Globalization puts us in ever greater contact with memes that cause us anxiety because they undermine our respective cultural worldviews. And as recent history has shown, some people are all too willing to kill to overcome or avoid this anxiety. This accelerating process of "conflicting memes" will either make (through evolution, assimiliation, tolerance) or break our species. Thinking of the capacity for self-annihilation we now possess in the form of nuclear weapons, I am not unequivocally optimistic about the eventual outcome.

Globalisation,which is inevitable(and necessary)should be done with delicate caution so that the memes,which we are vectors of,can appear less threatening to communities which are less open and as a result possess less immunity,showing more reactionary behaviourial patterns to those aspects of our culture that we have made ourselves immune to,and marginalised to the periphery. If one catches AIDS,we don't hate the person.We hate the HIV virus,and while it is seemingly impossible to wipe out of the strain,less virulent mutations can be brought in.I hope the reader catches the analogy.As memes are morally neutral,man can never wipe out their negative elements.But he can show a more responsible approach while interacting with communities in such a way that these negative elements can be ''detoxified' of cultural aggression to a large extent,and appear less threatening to relatively closed cultural groups.

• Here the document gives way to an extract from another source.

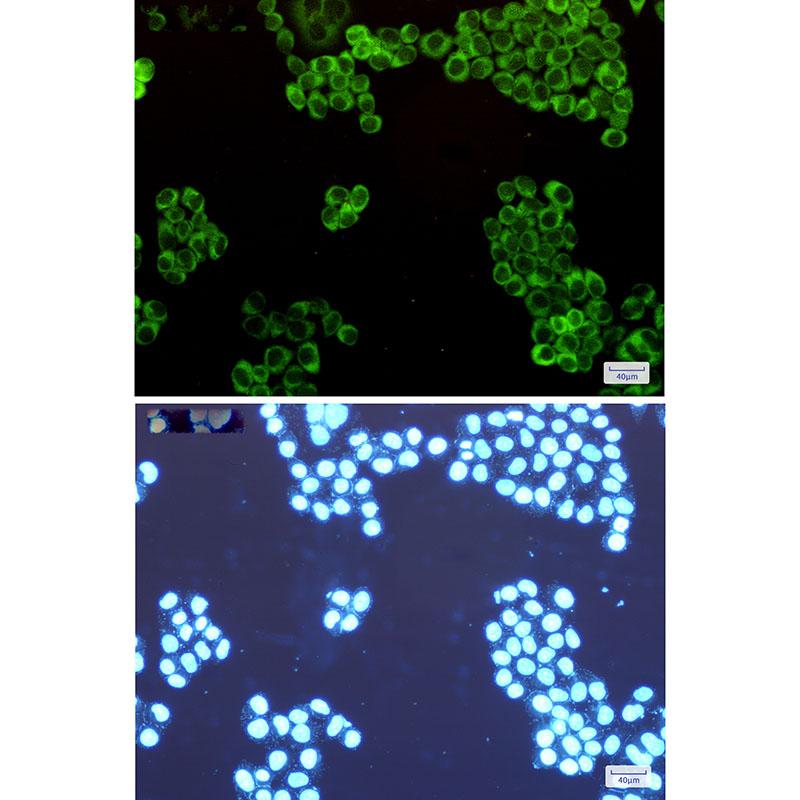Tryptophan tRNA Ligase Rabbit mAb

Maybe the answer lies in better qualitative perception of the possible effects of memes on communities which possess a relatively restricted interactive potential as far as culture and morality are concerned. Sociological research seems to overlook this factor.We have to look back on history and put stress on identifying new parameters of social behaviour.
Otherwise I don't see any perceptible change in the world-wide-war of fanatic ideologies,intolerance and senseless loss of human lives.


How I wish I was a social scientist.

1 comment:

  1. Whatever it may be,CHANGE is the only thing that hasn't changed over time.